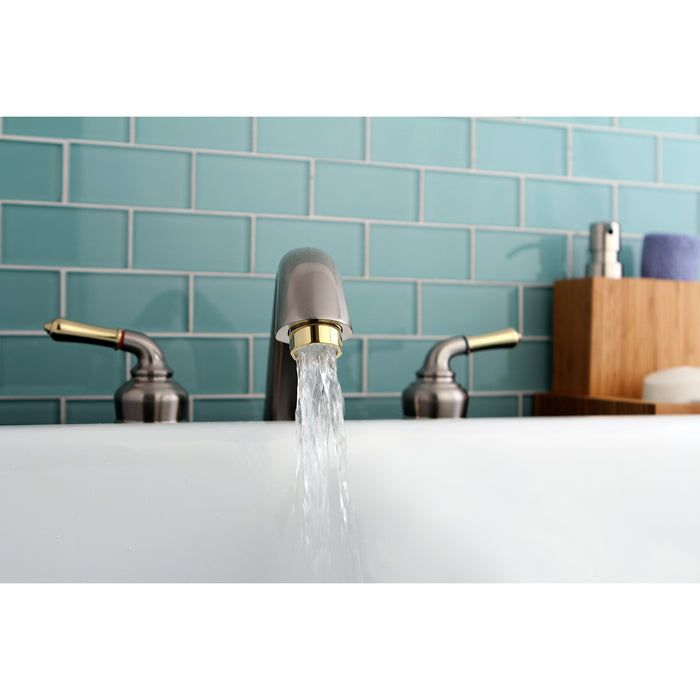 Kingston Tulare KC369 - Magellan Two-Handle 3-Hole Deck Mount Roman Tub Faucet, Brushed Nickel/Polished Brass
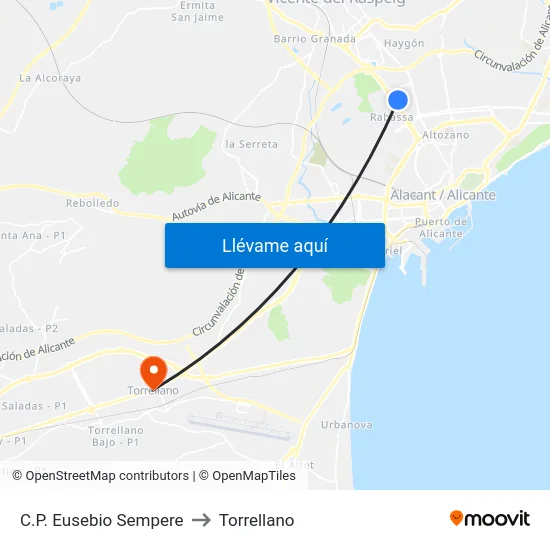C.P. Eusebio Sempere to Torrellano map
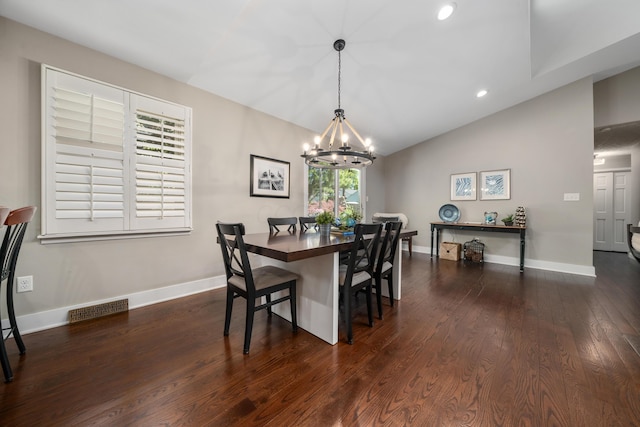 dining room featuring visible vents, a notable chandelier, dark wood-style floors, lofted ceiling, and recessed lighting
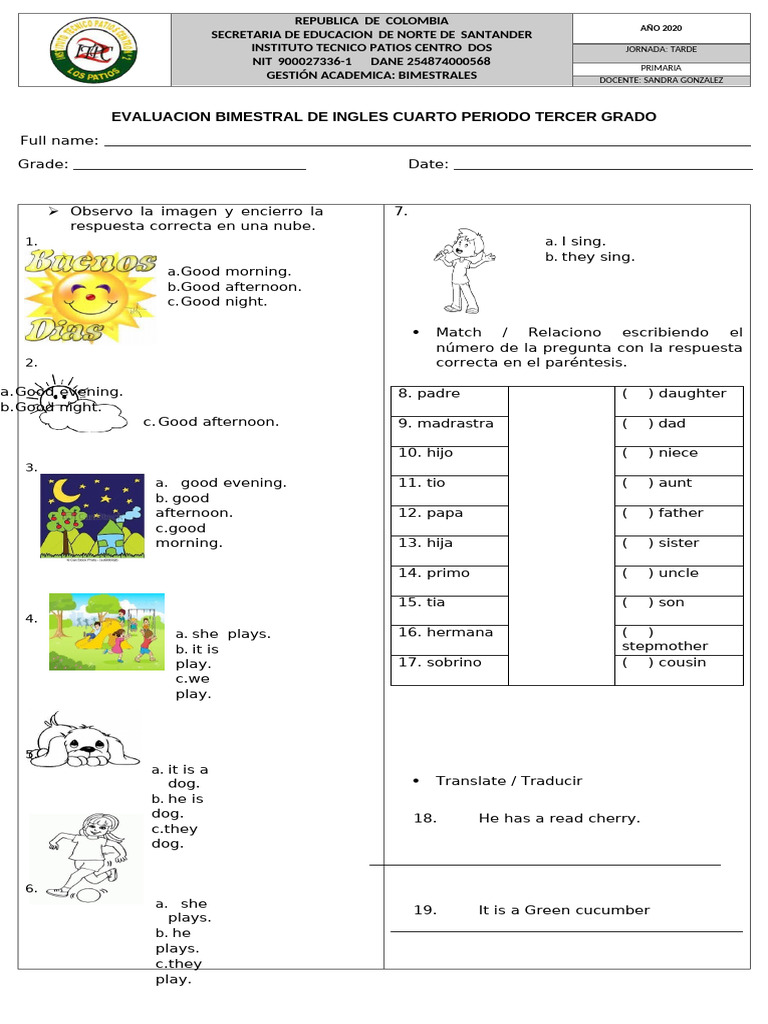 Prueba Diagnostica de Ingles Grado Cuarto | PDF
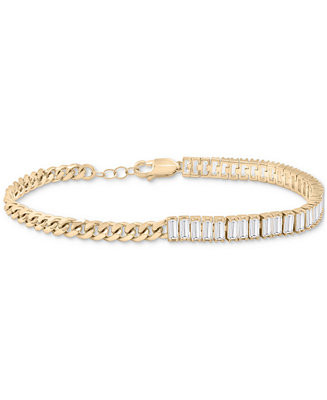 Lab Grown White Sapphire Curb Link Bracelet (4-1/10 ct. t.w.) in 14k Gold-Plated Sterling Silver ... | Macy's
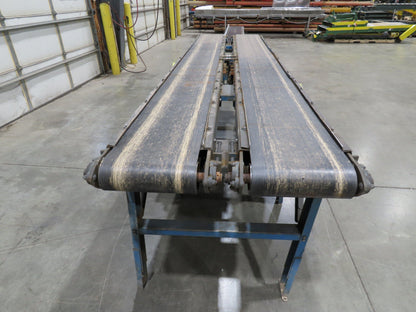 New London Engineering 12"x 11' Double Belt Conveyor 2-Way Center Drive 30 FPM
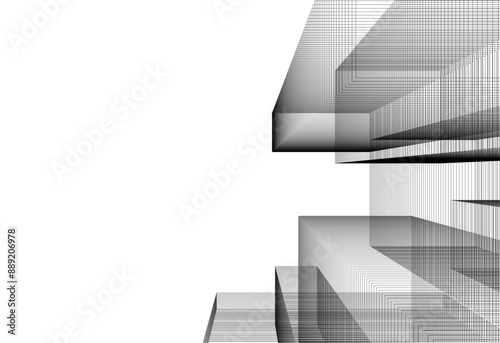 Abstract city sketch 3d rendering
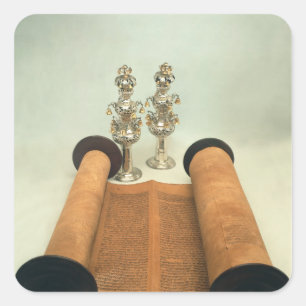 Torah scroll with Silver Crown finials Square Sticker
----------
__Work task__
Everything in the listing above must be restated word for word, except the images.

__Reply to the exercise__
 Kingston Tulare KC369 - Magellan Two-Handle 3-Hole Deck Mount Roman Tub Faucet, Brushed Nickel/Polished Brass
C.P. Eusebio Sempere to Torrellano map
 dining room featuring visible vents, a notable chandelier, dark wood-style floors, lofted ceiling, and recessed lighting
 Prueba Diagnostica de Ingles Grado Cuarto | PDF
 Lab Grown White Sapphire Curb Link Bracelet (4-1/10 ct. t.w.) in 14k Gold-Plated Sterling Silver ... | Macy's
 New London Engineering 12"x 11' Double Belt Conveyor 2-Way Center Drive 30 FPM
 Abstract city sketch 3d rendering
 Torah scroll with Silver Crown finials Square Sticker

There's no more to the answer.